Derek Mitchell as Tilden pouring corn on top of Cody McKay as Dodge in Theatre UNB's Buried Child. (Tom Bateman/AQ)

Dodge sits in a living room populated only by tiny knick-knacks and minimal furniture, an old country couch and a dull television. As the sun comes up on another day he’s trying to drown his wife’s tired cry out with a baseball game and stolen shots of whiskey.
Theatre UNB’s Buried Child bounces between engaging personal narratives and a family living in the fall-out of their regret. Dodge, played by Cody McKay, is the father figure rendered dependent and immobile in his seventies from years of working in the fields.
The family is living in the shadow of a terrible secret – one they’ve allowed to control them for 40 years. Buried Child is about the failures of the family unit and what happens when a family falls apart around one secret – all reacting in completely different ways.
McKay’s performance is petulant and crass, but forgiving at the right spots. He recognizes the family’s failures and is trying to die with a final shred of dignity. Still, he’s perpetually terrified of being left alone.

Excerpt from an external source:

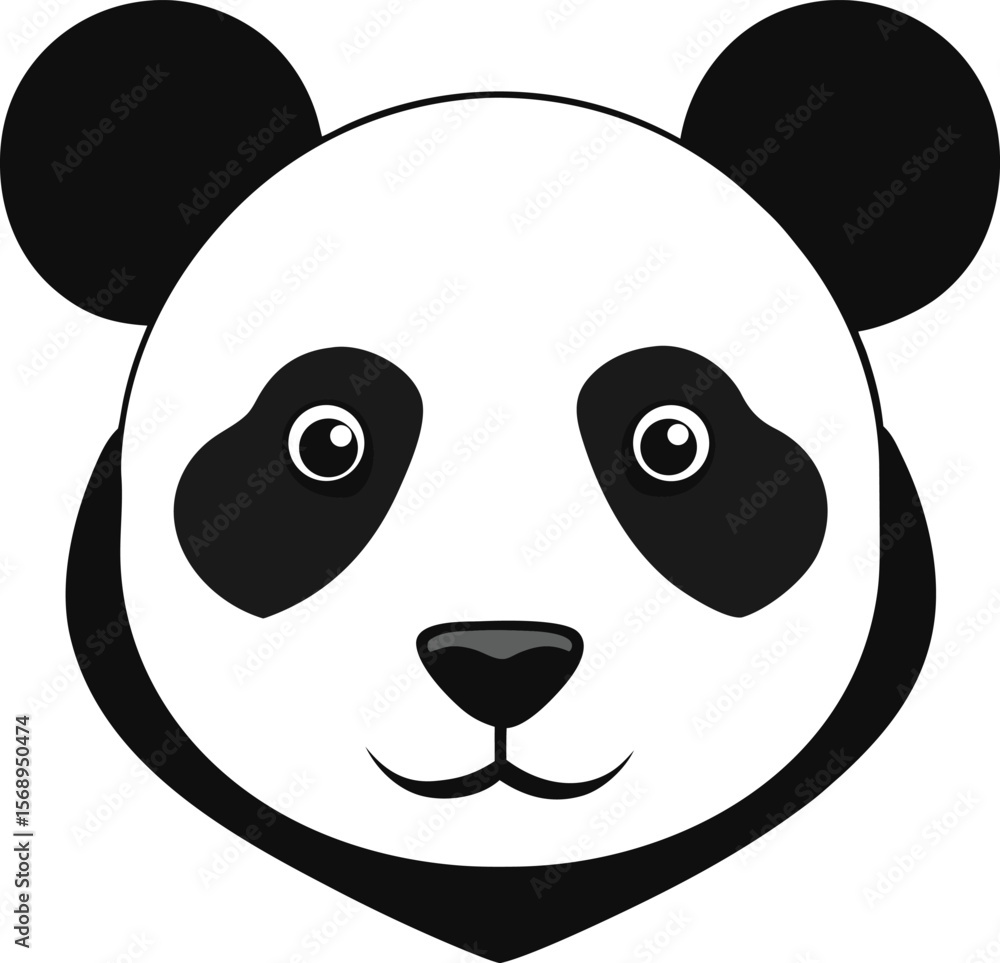Friendly panda bear face with distinctive black and white markings silhouette Friendly panda bear face with distinctive black and white markings silhouette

Ryan O’Toole also shines as Vince, the forgotten grandson. When he arrives, Vince’s family doesn’t recognize him, he’s been virtually forgotten. Lack of recognition sends him into an alcoholic binge that culminates in the last scene where the family must confront his anger and the secret they’ve been silently withholding for years.
Over the evening, you’ll watch a family’s relationship slowly writhe up and die because of a communication breakdown . They’ve all just drifted apart for thirty years, separately self-destructing over the same regret.
As Dodge says towards the end of the play, “everything was ruined by that one mistake.”
Every character is rendered impotent by something, left feeling useless. Whether it’s Bradley’s loss of a leg, Tilden’s silence, or Vince’s non-identity, they’re all wrecked.
Musically, director Len Falkenstein made a wise decision by having an original score for the play. Ian Goff’s lone acoustic guitar may give the music a bare-bones feel, but with recurring musical themes it gives the play a television feel, and completes this universe a little more coherently.
Buried Child is both linear and jumbled, a story that unfolds all at once, and over years. The main conflict of the play takes place through dialogue thirty years prior. An inauspicious introduction transitions to Vince’s return, but the second acts opens the next morning: the dawn of the last generation’s cycle.
Theatre UNB’s performance was smart, darkly humorous and eerily off-putting. The actors did well to portray the character’s deep-seeded secrets and will leave you feeling both indignant and piteous with their self-destructive insecurities.